From Tunnicliffe’s perspective, the time spent giving consideration to environmental concerns lags significantly behind the time spent developing the mining technology and how the ISA will work with contractors on the actual mining.
“How are you going to get environment information without doing exploration?”
That’s because the contractors have stakeholders who are putting money into exploration and “conceptual developments,” she says.
“The environment has had no money,” says Tunnicliffe. Or very little in comparison. She and colleagues with research grants have gone out and done some work, and she emphasized that a couple of contractors have also supported science being done in this area.
Tunnicliffe isn’t suggesting natural resources should never be used. But she suggests putting the brakes on deep sea mining “until we’re absolutely convinced this is something we need, and stop until we know what we’re trading off and what we’re going to lose, and that we’re happy to make that trade-off because we can see the benefits for mankind and we’ve laid out the winners and we’ve understood the losers.
“I think we’re nowhere close to that.”
While those like Tunnicliffe who are watching developments around deep sea mining see less time spent on environmental issues, Lodge says he doesn’t “recognize that picture at all.”
“If you look at the work the [International Seabed] Authority has been doing for the last 20 years, I would say that nearly 70 per cent of it relates to environment,” he says. “How are you going to get environment information without doing exploration?”
Barron wants people to have a favourable image of his company.

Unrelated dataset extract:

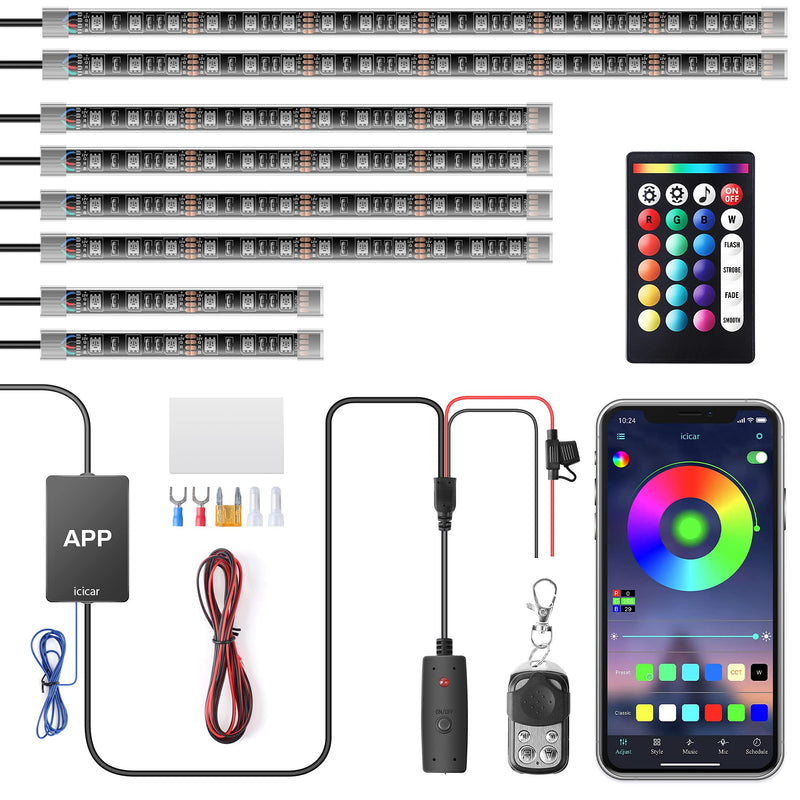 8PCS RGB Motorcycle LED Underglow Kit, App Control Dual Remote Multi-Color IP68 Waterproof Music Sync Accent Light with Brake Turn Signal for Harley Honda Golf Cart 8PCS
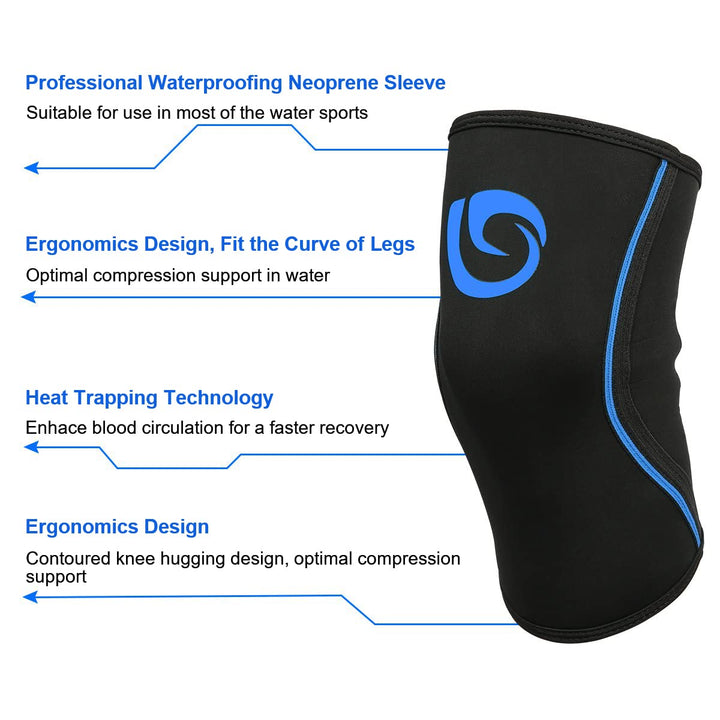 Knee Compression Brace Support for Swimming, Aquatic, Sailing, Scuba Diving, Surfing, Paddle Boarding, Kayaking, Water Sports or Injury Recovery - Water Resistant Sleeve, Fit Women & Men (M)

“I want DeepGreen to be that company that people in society say, if it’s going to happen, I want these guys to make it happen because I can tell they care about the environment in a way that no other metals company has ever been able to care for the environment,” says Barron.
We all want to live on a more sustainable planet, he says, and to do that, he sees a need to move from fossil fuels to renewable energy. But where do you get the necessary metals?
“Do we want to go to the Amazon?” Barron asks. “Do we want to go to the ... forests of Indonesia, do we want to go to the most densely tree-populated areas, which is where many of these metals are, or do we want to go to this very benign environment on the seafloor?”
For Jamieson, who holds a Canada Research chair in marine geology at Memorial University of Newfoundland, it would be hard to argue that mining is ever good for the environment – on land or underwater.
“Concern is certainly justified,” he says. “At the same time, society's demand for resources continues to increase, far beyond what can be sustained by recycling, and these resources must be mined from somewhere.
“Is seafloor mining more environmentally friendly than land-based mining? This is something we simply don't have enough information yet to answer.”